Une majorité des députés fédéraux vote pour rendre impraticable la démarcation des terres autochtones

 | Par CIMI

Traduction résumée par Patrick Piro - pour Autres Brésils - de l’article de Marina Luísa Oliveira et Tiago Miotto, du service communication du Cimi (Conseil indigéniste missionnaire). 26 mai 2023
Relecture : Roger Guilloux

Alors que les peuples autochtones résistent pour maintenir les forêts sur pied, les rivières propres et même pour protéger leur propre vie, les parlementaires du groupe ruraliste Bancada ruralista [1]tentent systématiquement d’effacer par la voie législative tout l’historique des violations exercées contre les peuples autochtones et leurs territoires, à contrecourant de la marche du monde.

C’est le cas du projet de loi (PL) 490/2007, rédigé par le député Homero Pereira (PR/MT) – parlementaire aujourd’hui décédé –, qui doit désormais être examiné par le Sénat après avoir été voté le 30 mai dernier, suite à une procédure d’urgence approuvée mercredi 24 par la Chambre fédérale des députés, par 324 voix contre 131 et deux abstentions.

Le Cimi a analysé le vote de cette procédure d’urgence.
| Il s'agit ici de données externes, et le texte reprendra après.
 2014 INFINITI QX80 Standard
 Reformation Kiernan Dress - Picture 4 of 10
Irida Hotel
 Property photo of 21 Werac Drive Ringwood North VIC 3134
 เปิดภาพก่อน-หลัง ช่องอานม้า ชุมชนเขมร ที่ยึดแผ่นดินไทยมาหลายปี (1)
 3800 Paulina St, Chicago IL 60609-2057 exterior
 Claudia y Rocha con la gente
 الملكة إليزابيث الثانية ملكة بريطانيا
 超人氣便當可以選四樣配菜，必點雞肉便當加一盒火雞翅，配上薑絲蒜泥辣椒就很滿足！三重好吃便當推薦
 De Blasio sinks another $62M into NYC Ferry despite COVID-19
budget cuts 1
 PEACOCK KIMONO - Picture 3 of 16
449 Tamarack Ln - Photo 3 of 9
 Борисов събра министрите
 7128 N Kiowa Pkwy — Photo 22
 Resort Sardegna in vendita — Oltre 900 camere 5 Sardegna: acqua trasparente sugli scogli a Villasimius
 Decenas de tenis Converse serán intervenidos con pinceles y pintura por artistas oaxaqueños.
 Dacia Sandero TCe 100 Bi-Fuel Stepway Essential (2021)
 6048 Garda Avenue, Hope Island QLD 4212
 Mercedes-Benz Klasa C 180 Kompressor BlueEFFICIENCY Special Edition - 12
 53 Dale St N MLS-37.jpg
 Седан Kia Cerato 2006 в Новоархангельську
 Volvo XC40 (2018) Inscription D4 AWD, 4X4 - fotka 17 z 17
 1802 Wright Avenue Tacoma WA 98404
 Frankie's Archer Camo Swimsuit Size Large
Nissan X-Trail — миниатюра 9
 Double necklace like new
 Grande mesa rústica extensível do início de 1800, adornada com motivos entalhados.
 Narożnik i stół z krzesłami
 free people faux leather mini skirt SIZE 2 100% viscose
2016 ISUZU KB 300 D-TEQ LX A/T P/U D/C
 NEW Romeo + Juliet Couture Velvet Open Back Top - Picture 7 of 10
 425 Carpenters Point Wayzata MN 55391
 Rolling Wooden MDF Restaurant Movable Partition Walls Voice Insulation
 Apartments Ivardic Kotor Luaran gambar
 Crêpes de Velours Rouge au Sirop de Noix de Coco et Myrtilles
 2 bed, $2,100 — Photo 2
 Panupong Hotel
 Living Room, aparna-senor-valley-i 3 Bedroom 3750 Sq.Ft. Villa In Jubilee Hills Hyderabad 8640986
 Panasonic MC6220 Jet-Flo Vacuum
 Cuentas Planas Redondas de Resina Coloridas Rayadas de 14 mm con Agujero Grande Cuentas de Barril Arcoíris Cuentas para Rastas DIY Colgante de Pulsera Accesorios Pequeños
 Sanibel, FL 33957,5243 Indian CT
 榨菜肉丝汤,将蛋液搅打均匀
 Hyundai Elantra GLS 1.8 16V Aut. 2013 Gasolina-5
La totalité des députés des six partis suivants l’ont approuvé : Républicains (38 voix), PSDB (14), PSC (3), Patriot (4), Avante (4) et Novo (3). Ont donné plus de 90 % de leurs voix : PL (85), PSD (33), União Brasil (46) et PP (40). Le MDB (34) et Podemos (10) pour leur part ont appuyé cette démarche anti-autochtone avec plus de 80% de leurs voix.

À l’opposé, la totalité des députés des cinq partis suivants s’est opposée à l’examen en urgence du projet : PT (62 voix), PSOL (11), PCdoB (7), PV (5) et Rede (1) ainsi qu’une majorité des parlementaires du PDT (12, soit 71 %) et du PSB (11, soit 85 %).

Et concernant les directives de vote, il faut mentionner en particulier la position du gouvernement. Bien qu’ayant indiqué qu’il adopterait « une autre orientation » à l’occasion du vote sur le fond, le gouvernement a laissé la liberté à son camp de se déterminer concernant le choix d’un vote d’urgence. Il faut dire que les différents qui traversent actuellement le Congrès et les divergences internes que connaît le gouvernement, du fait de sa composition hétérogène, compliquent l’affirmation d’une position de la part de de l’exécutif sur la question de la défense des droits autochtones, ainsi que la portée pratique de ses orientations.

Ainsi, cinq des neuf partis qui occupent des postes ministériels de premier plan ont voté en faveur de l’urgence : PSB, PDT, PSD, MDB et União Brasil, totalisant 120 des voix contre les droits des peuples autochtones. Quant aux autres partis du gouvernement Lula, opposés à l’examen en urgence, (PSOL, Rede, PCdoB et PT), ils n’ont totalisé que 114 voix à la Chambre.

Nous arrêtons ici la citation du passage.